------ Material shown ------

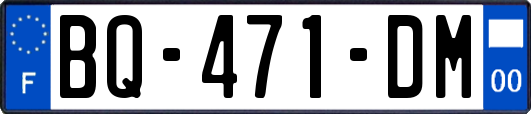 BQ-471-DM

------
------ Material shown ------

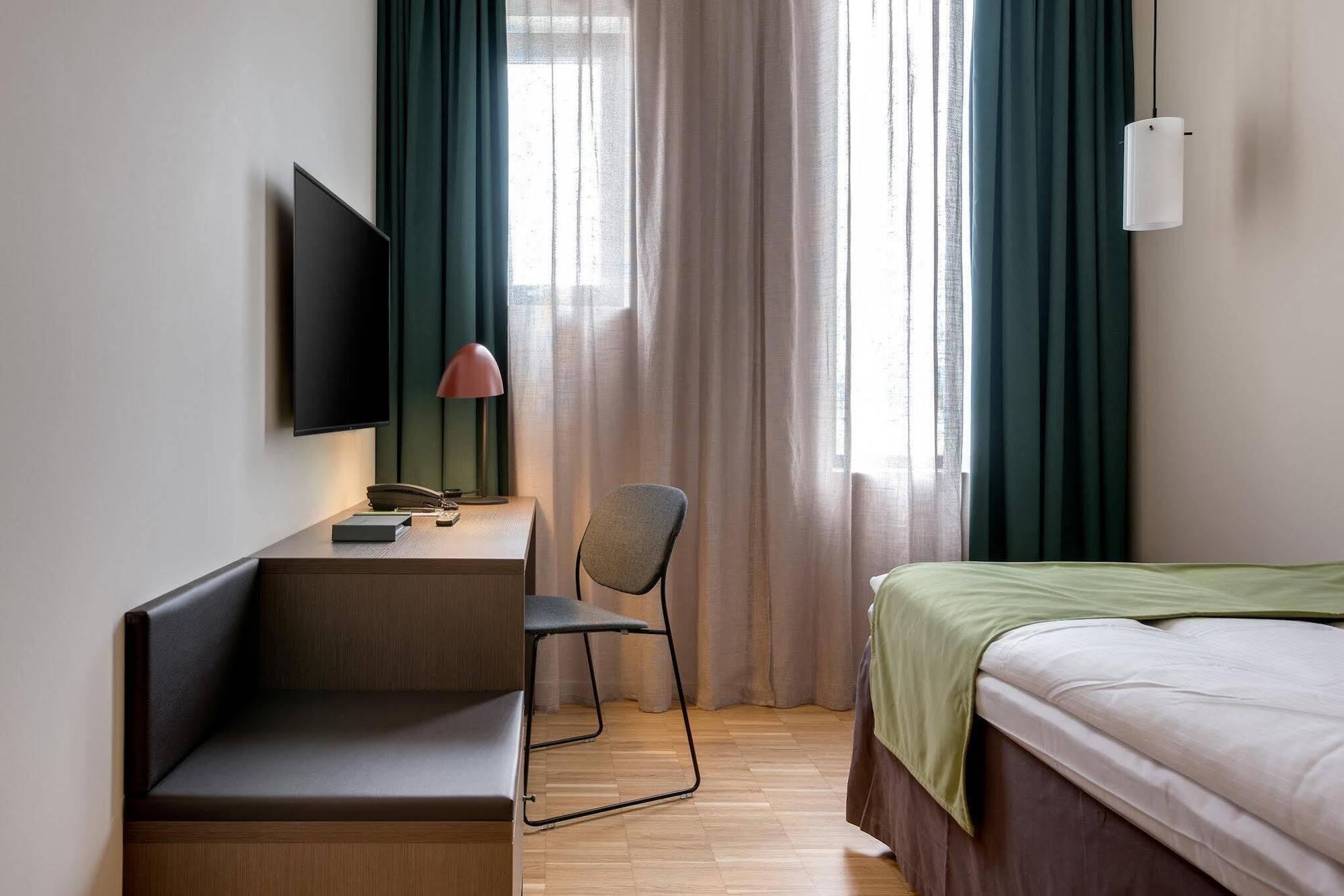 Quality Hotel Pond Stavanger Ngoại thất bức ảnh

------
------ Material shown ------

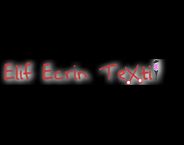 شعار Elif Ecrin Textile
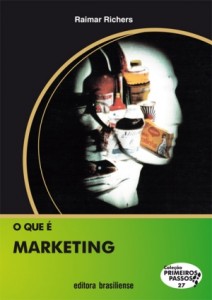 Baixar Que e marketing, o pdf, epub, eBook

------

__Your goal__. Output should consist of the lines above from the one with "شعار Elif Ecrin Textile" down to the one with "Baixar Que e marketing, o pdf, epub, eBook", exact and without pictures.

__Problem solution__.
 شعار Elif Ecrin Textile
 Baixar Que e marketing, o pdf, epub, eBook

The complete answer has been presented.